F-A-T

 
 

I am sitting here eating yogurt with a plastic knife. A freaking knife. I don't know why I can't ever remember to bring a spoon with me to work. There is usually one lone spoon in the silverware drawer in the break room but I went to pull it out this afternoon and it was gone. Not one single spoon, just a handful of cheap plastic knives leftover from some staff appreciation thing.

I look around me before every bite to make sure no one will sneak up on me licking the thick Greek yogurt from both sides of the blade--judging me for eating publicly while fat. I imagine the looks will be a little less judgey when they see it's yogurt and not a vat of mayonnaise (because in my mind, all the judgey people think fat people eat mayonnaise right out of the jar).

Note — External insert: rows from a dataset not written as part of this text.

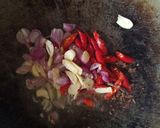 Foto langkah ke 4 dari resep Tumis Kelor.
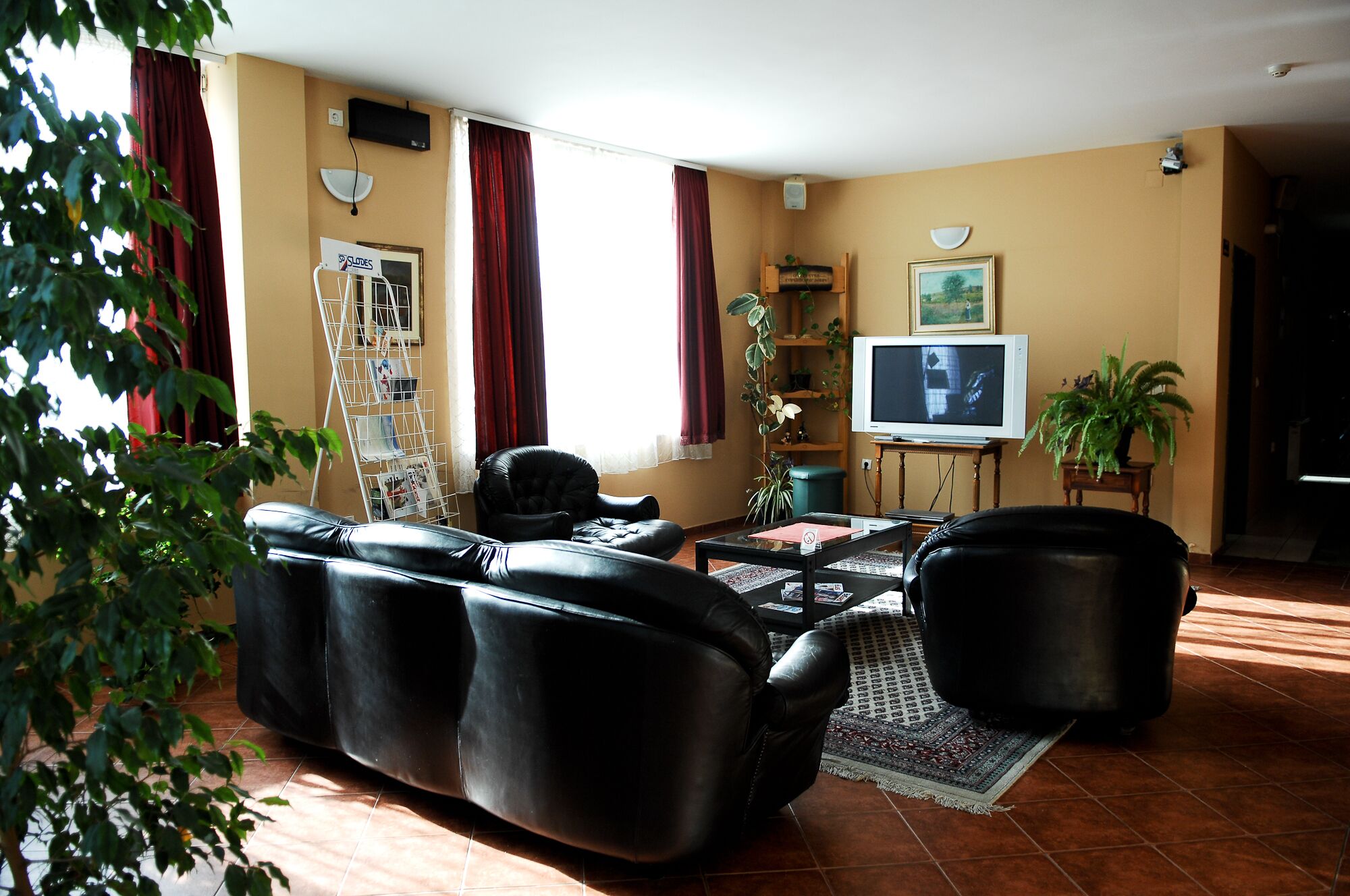 Photo - Hotel Slodes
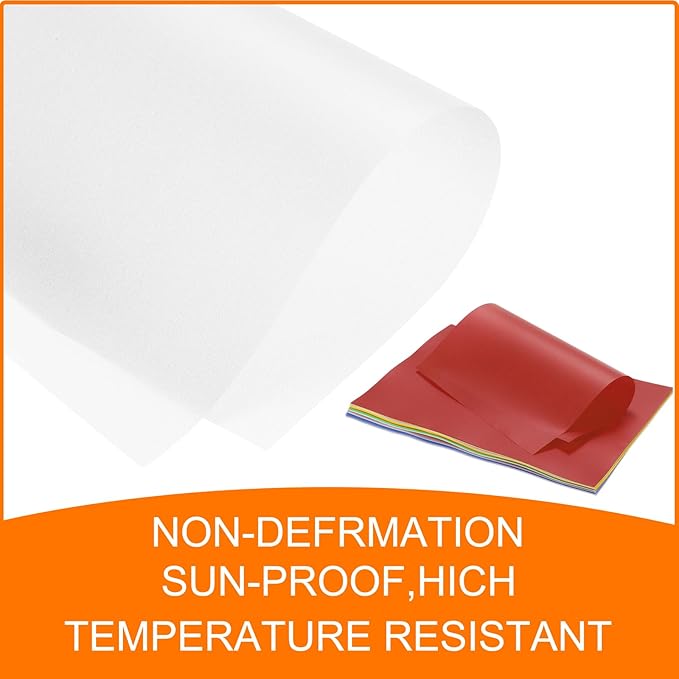 MECCANIXITY Colored Vellum Paper, 40 Sheet Silver Transparency 11.7 x 8.2 Printable Vellum Paper, Translucent Vellum Sheets for Printing Wedding Invitations, Ink Jet Laser Printer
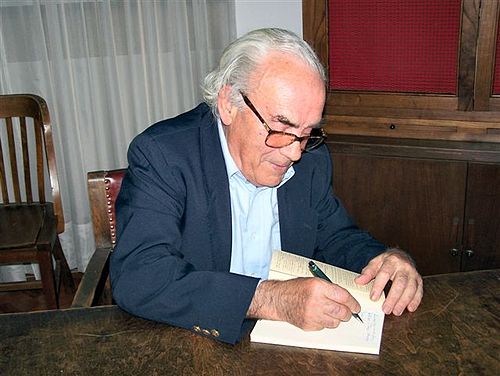 Antonio Cabral
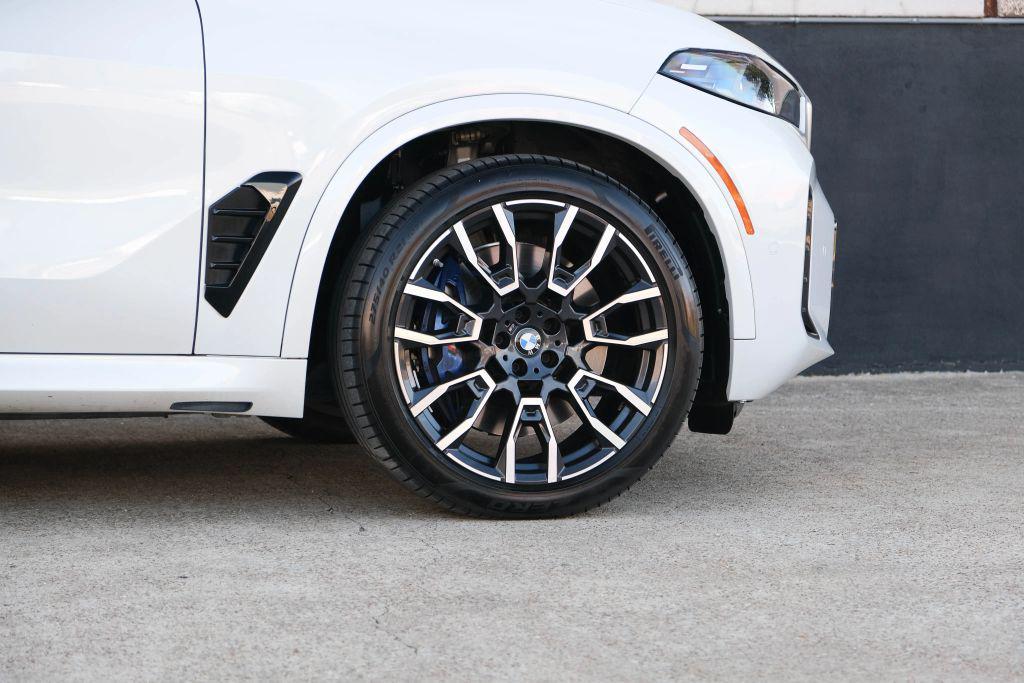 used 2024 BMW X5 car, priced at $69,300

I never really talk openly about being fat. Maybe subconsciously I think if I don't say that word no one will notice it applies to me. There are so many ways to describe someone who is fat--overweight, big-boned, husky, plump, curvy, solid, round, chunky, rollie-pollie, weeble-wobble, whale, etc., etc. It all means the same thing, just with different levels of politeness, avoidance, or mean spiritedness.

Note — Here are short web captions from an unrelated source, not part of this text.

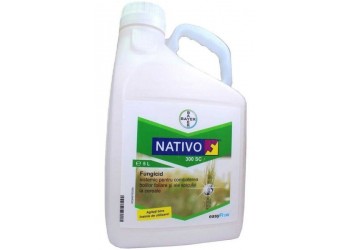 Nativo 300 SC, 5 litri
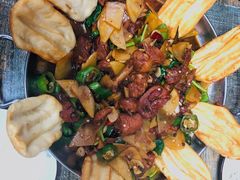 枣庄辣子鸡-枣庄辣子鸡(隐珠二路店)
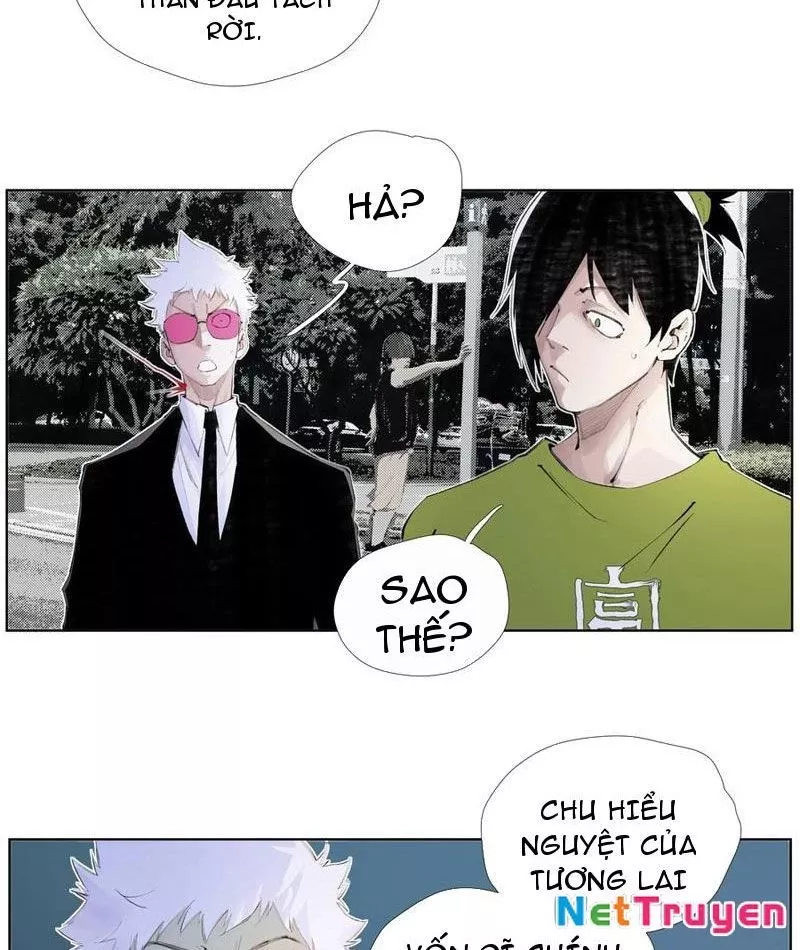 Tiên Hàng Đầu: Chapter 16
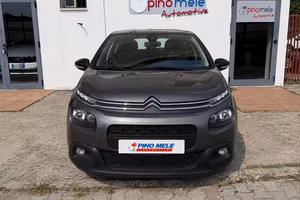 Citroen C3 PureTech 83 S&S Feel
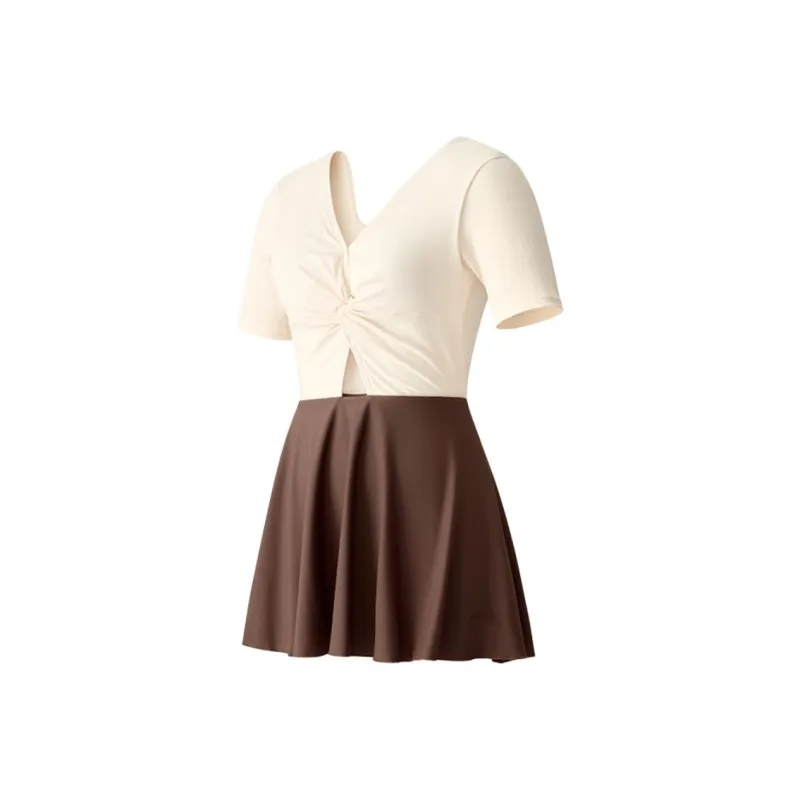Anta Swim Dresses & Skirts Women's-0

FAT- such a short, simple word. Seeing it in print it's hard to believe it can be so damaging. Yet that word is hidden inside so many sideways glances, loaded comments, and cropped photographs. It's in'You have such a pretty face', 'That color is so slimming.', and 'I can order you a salad.' It is in the eyes of the woman who quickly turns her head away in the locker room or the girl in the boutique who shows you where the jewelry is while your less fat friends try on clothes, and it is in your own eyes that stare back at you from the bathroom mirror. It pushes itself into the group photo where you are strategically placed to block you from the neck down, and the vacation photos that don't include you because you insist on taking them to avoid it being caught on camera.

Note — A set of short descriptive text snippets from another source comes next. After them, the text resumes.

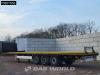 Krone SD Select 3 axles Lifting Axle Foto 2 thumbnail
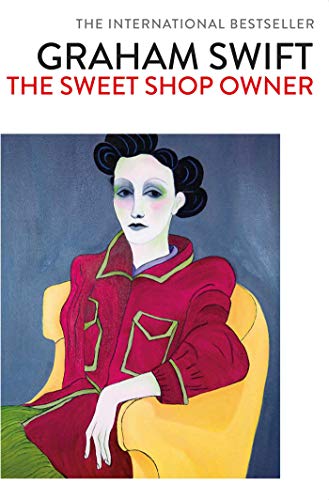 Graham Swift - Sweet Shop Owner - Paperback image 1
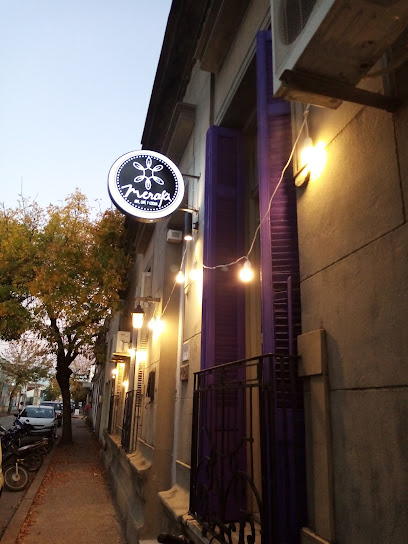 Meraki Arte Café y Cocina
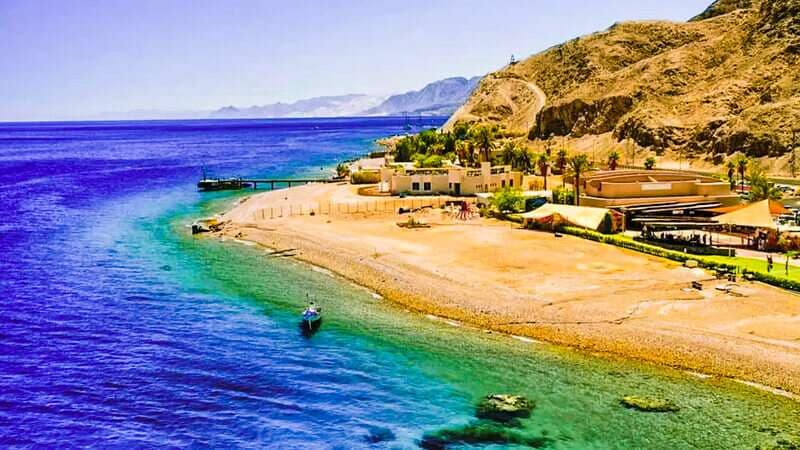 safaga egypt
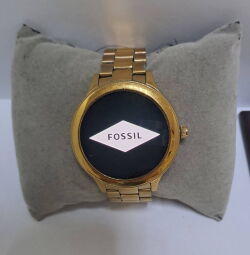 Смарт-годинник Fossil Gen 3 FTW6006 (DW5A) - Б/В від виробника Fossil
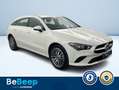 Mercedes-Benz CLA 250 S.Brake SHOOTING BRAKE 250 E PHEV (EQ-POWER) SPOR Weiß - thumbnail 4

Some days you are determined to share a companionable existence with it and other days you daydream about soaking in a bath where all of your skin is covered in warm sudsy water and it is a distant memory.

When it comes down to it, it is just a word. A single syllable that has no power unless you allow it. It shouldn't stop you from doing things you enjoy. It might slow you down a bit, but then you just have more time to enjoy the scenery. And maybe it's just time to get a bigger bath.